Not ideal, why? WILL impact negatively, PROOF?.

I hear this all the time but no one seems to publish research. They assume the heat causes damage and think is dangerous..lions and tigers and bears..oh my. After soldering a couple handfuls, I took a dremel and then cut them open. I could not tell the difference between a new cell and one I soldered, and I tried very hard. I unrolled the entire cell and closely examined the edges from start to finish. And then I started my testing cycles described above. When done correctly, the heat created in similar to what a bLast from a 200-300A spot welder creates, just not as focused. I have the raw data AND I have the video footage to back it up.  While I may not be on par with many of the topics in this forum, I am very much on the forefront with DIY 18650 projects. (hence the name, inverter powered by salvaged 18650's). But no need to argue, I have found the 'lab-coat-type's' despise soldering and that's great for the rest of us.

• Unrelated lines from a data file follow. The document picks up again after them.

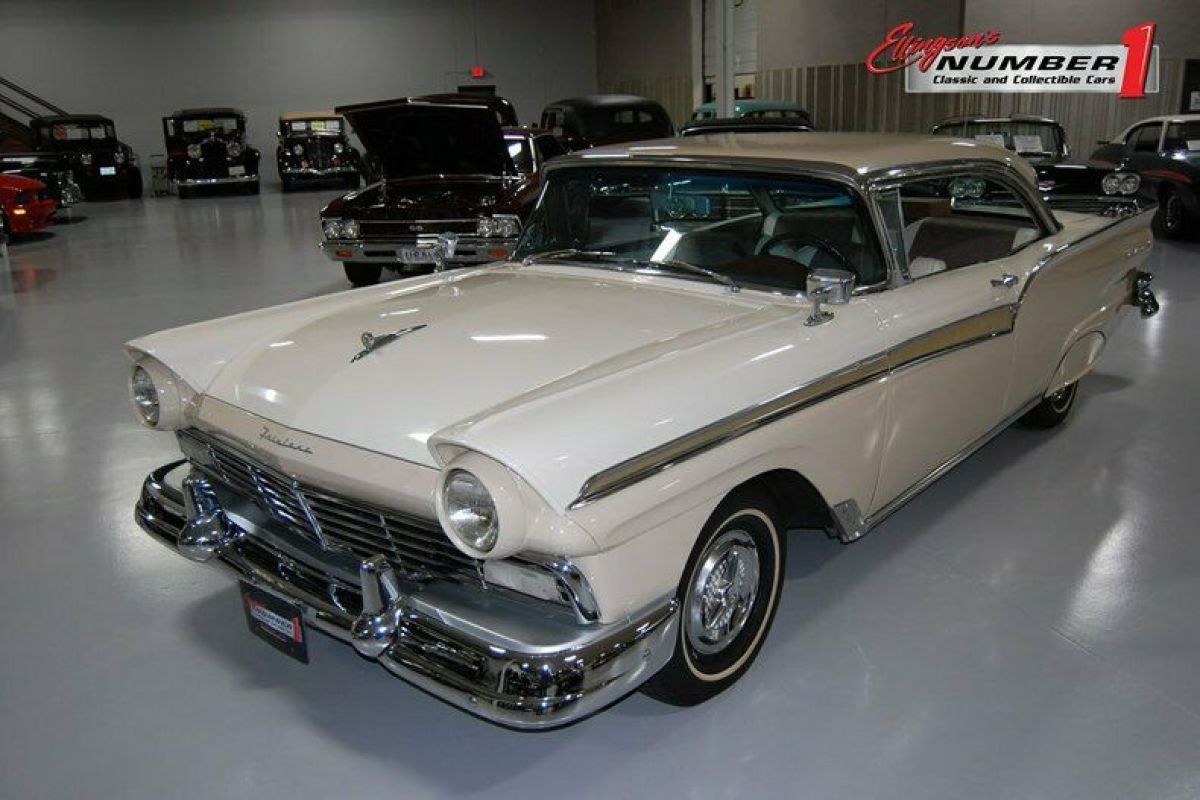 1957 Ford Fairlane 500 2Dr Hdtp - Ellingson Motorcars 1957 Ford Fairlane 500 2Dr Hdtp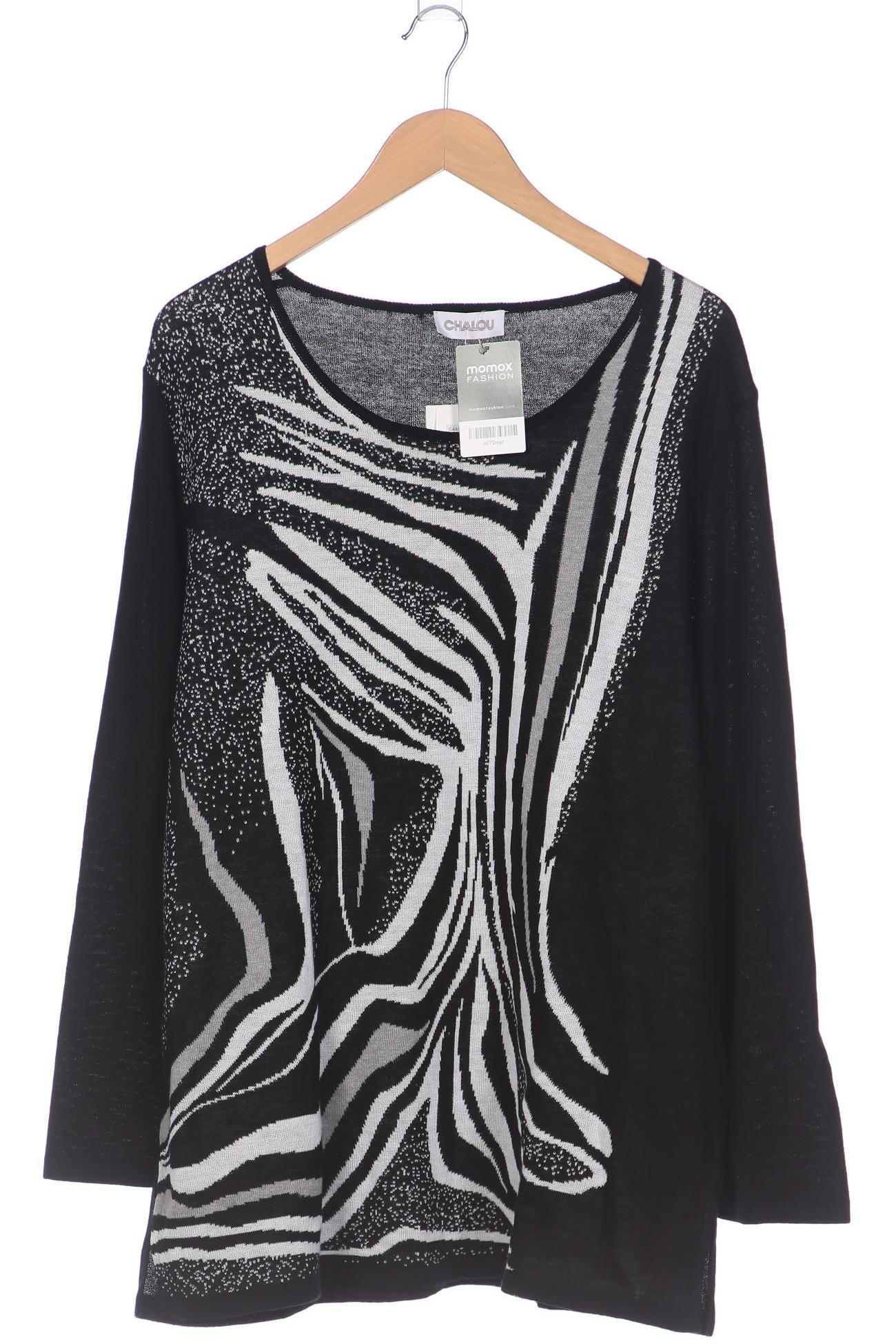 Thumbnail - Chalou Damen Pullover, schwarz, Gr. 48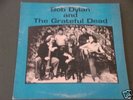 Bob Dylan Rare Vinyl LP GRATEFUL DEAD STUDIO SESSIONS 2
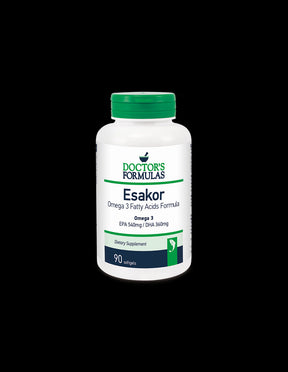 Omega-3 Formula - Esakor, 90 softgel capsules Doctor's Formulas - Nutra Best Europe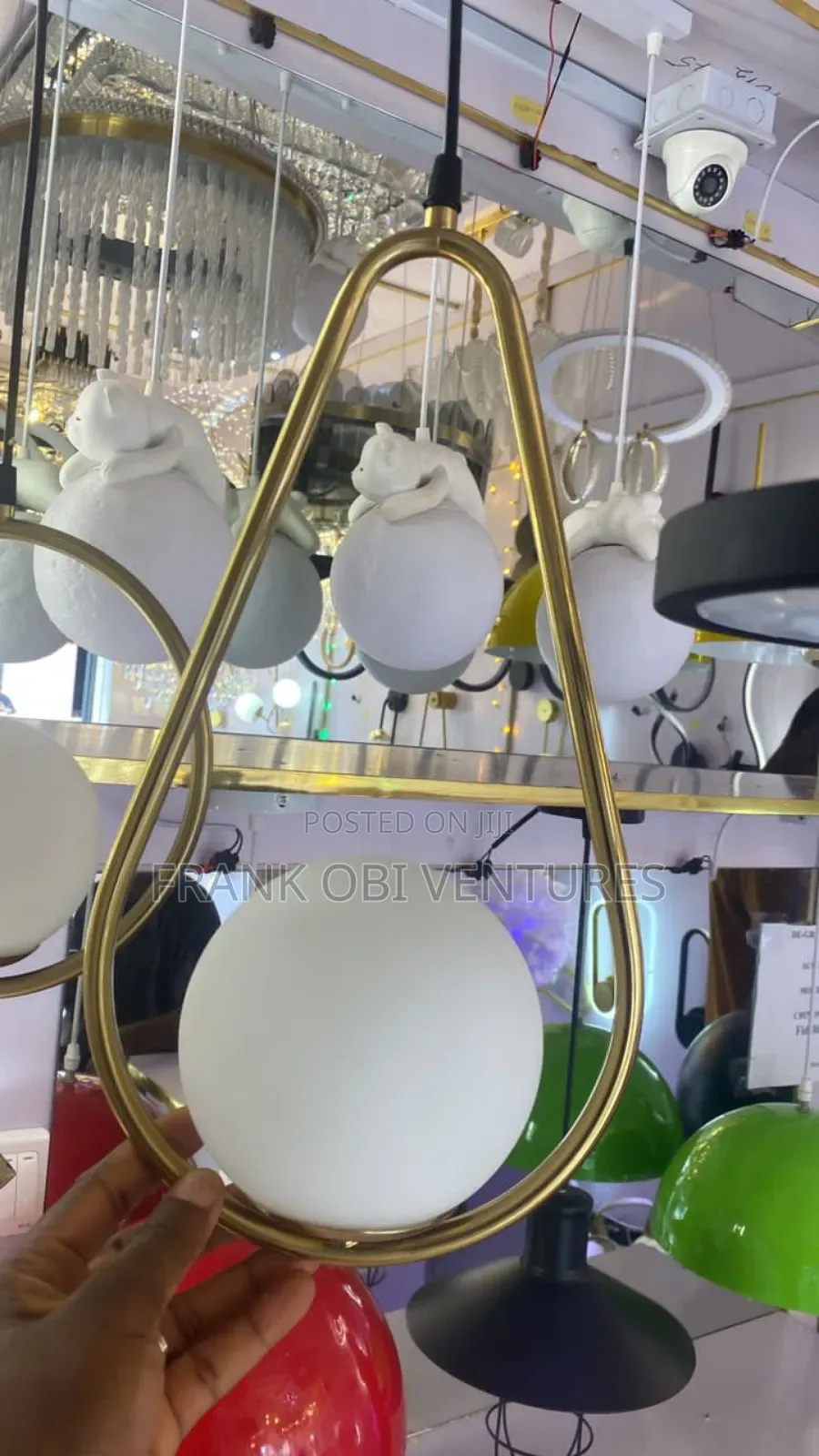 Bedside, Drop Lights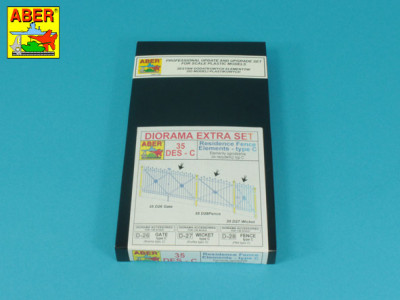 Residence Fence Elements - type C - 2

@TerraHertz, if you do not use them, you can sell them for a few bucks, so its a win,win.

edit:*If you are going to build a pack, I can send you a bunch of 18650 cell holders, trays, or whatever else you want/need for the build. I have a shop full of stuff and will be happy to be of service. Shipping is 'no worries', we can do the eBay global thing, its super cheap from here. (That's how I sent the Caddock resistors around the globe and it was just ~$8 a box.)
« Last Edit: March 14, 2018, 01:20:47 pm by Inverted18650 »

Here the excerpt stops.